Task directions
Beginning at the line that mentions "Pousada Signora Del", retype the rest of the records below exactly. Pictures are not part of the copy.

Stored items
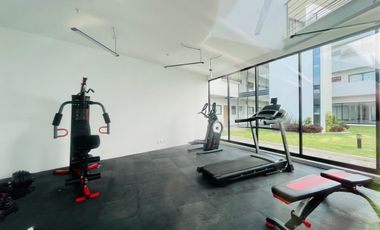 Departamento  en renta en santa fe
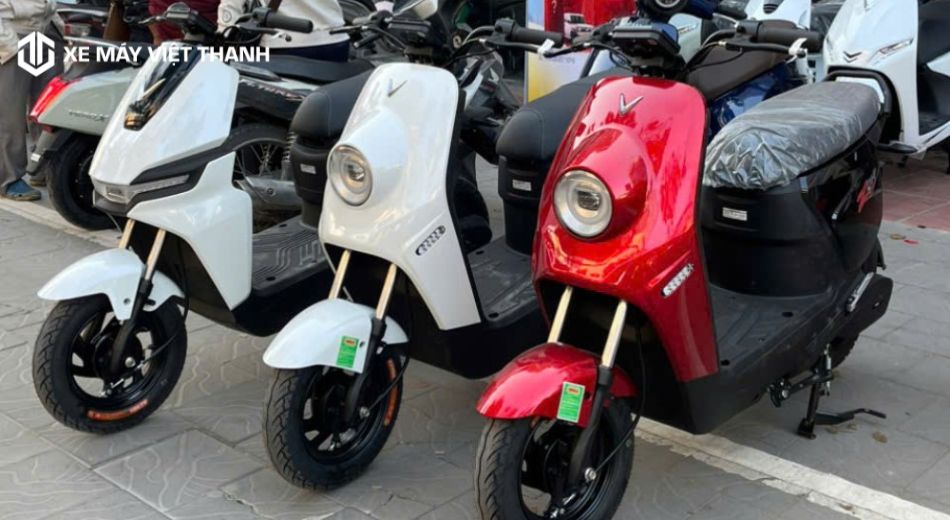 Mẫu xe VinFast Zgoo giá dưới 20 triệu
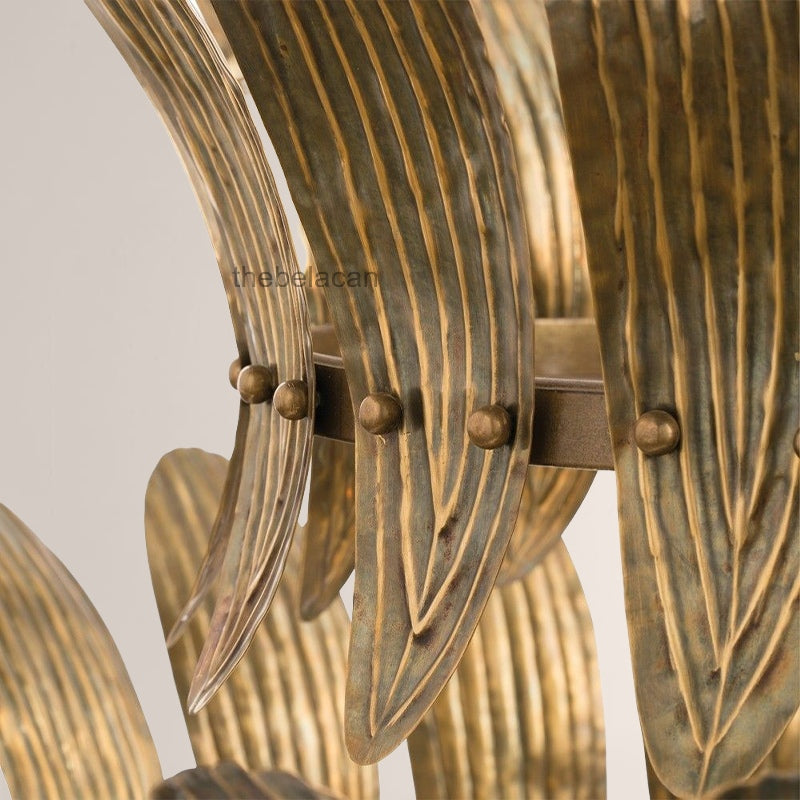 AnaLuxe Two Tier Chandelier - thebelacan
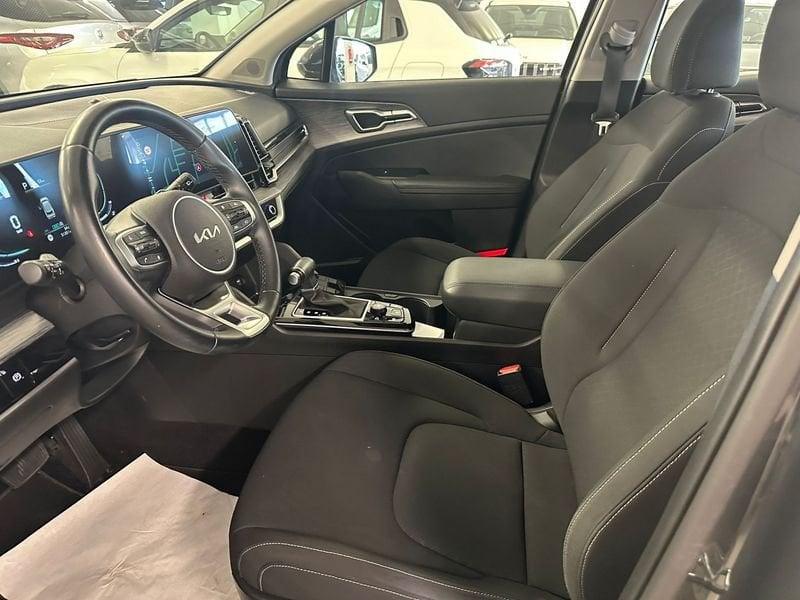 KIA Sportage 1.6 TGDi MHEV DCT Business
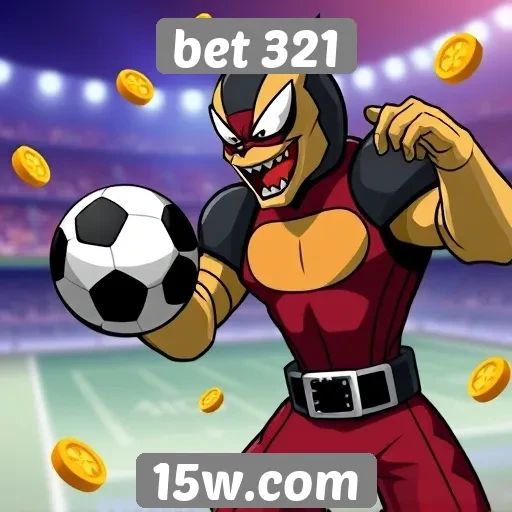 Ofertas e promoções disponíveis no bet 321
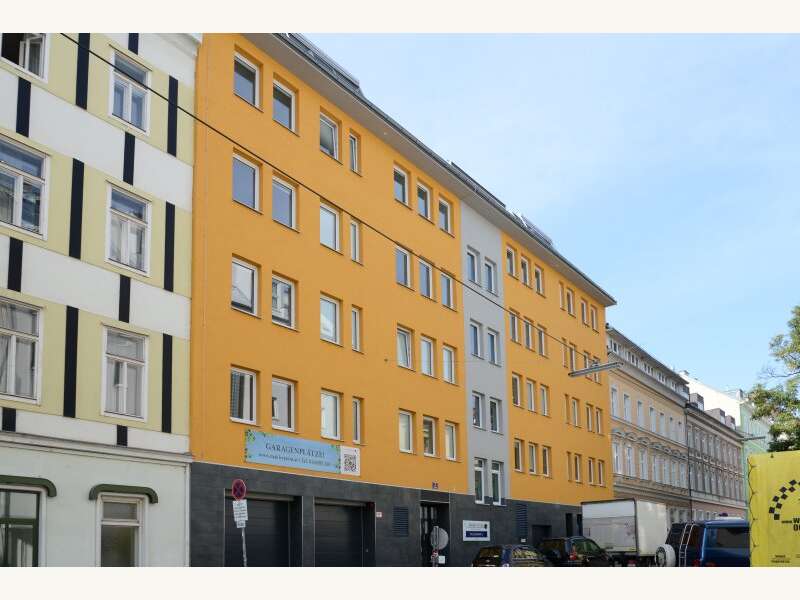 Tiefgarage in Wien - Bild 3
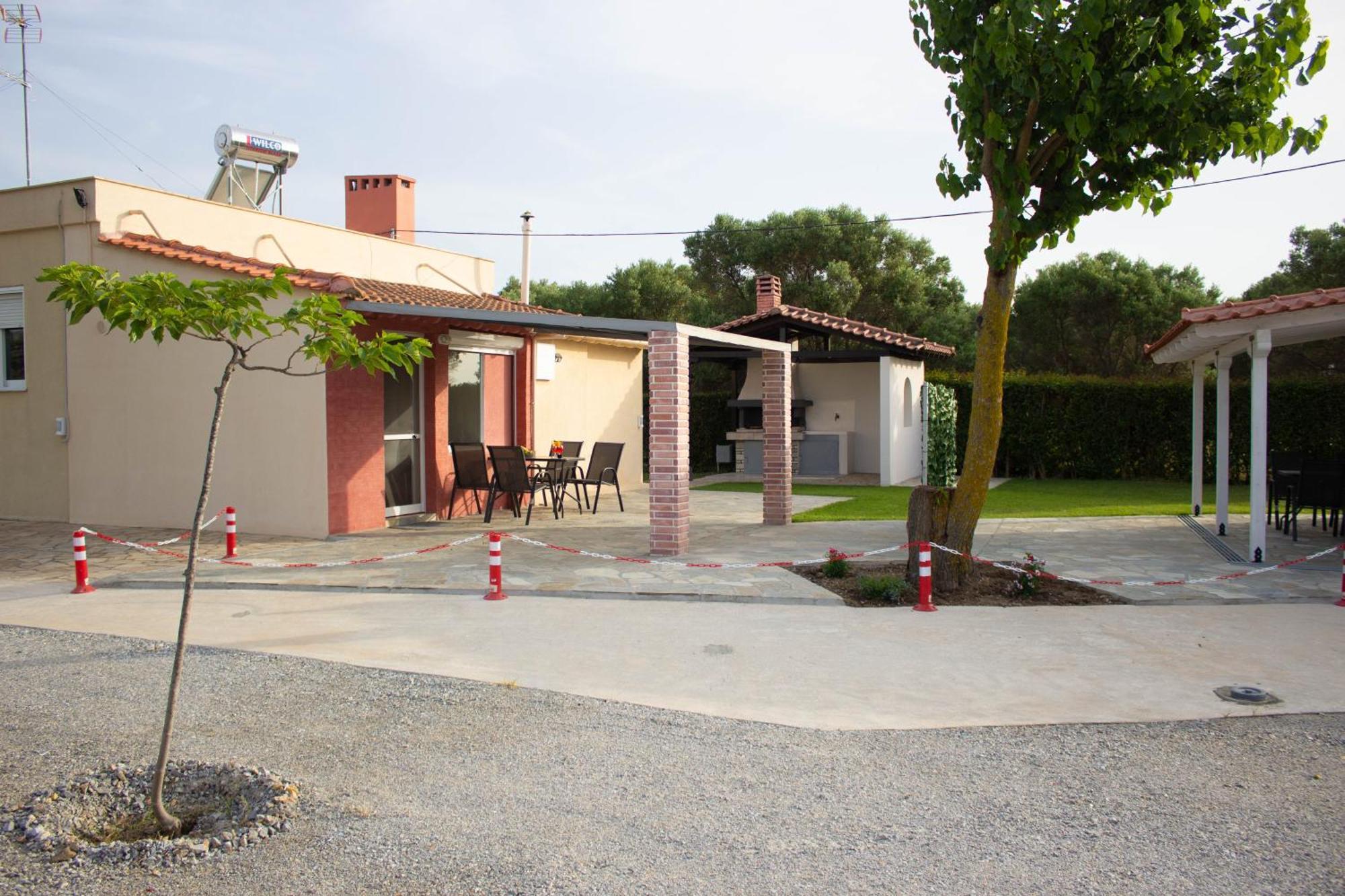 Potamos Studios By Gerani Ormos  Dış mekan fotoğraf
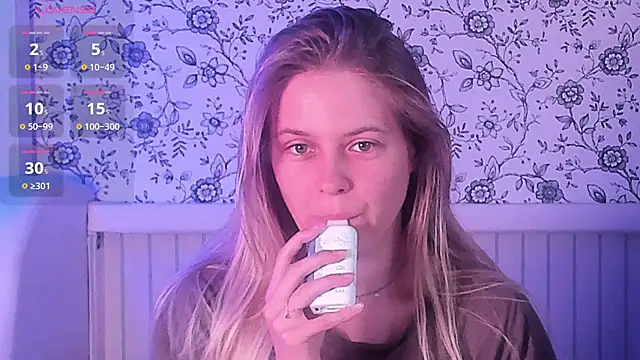 AngelAnty online show from 07-10-26, 04:53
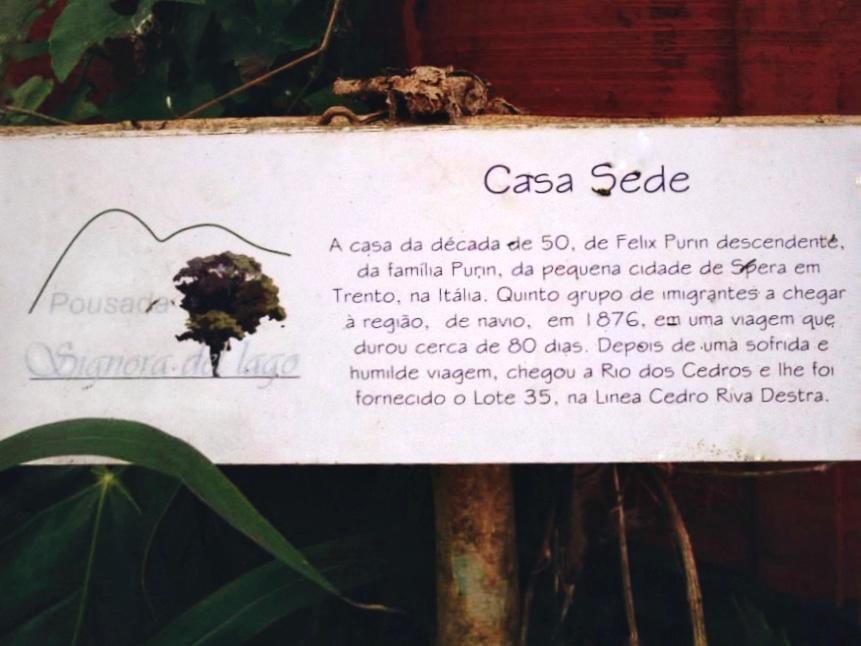 Pousada Signora Del Lago Sao Joao  외부 사진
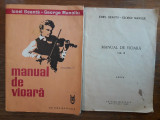 Manual de vioara + Anexa, vol.III / R3S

Expected answer
 Pousada Signora Del Lago Sao Joao  외부 사진
 Manual de vioara + Anexa, vol.III / R3S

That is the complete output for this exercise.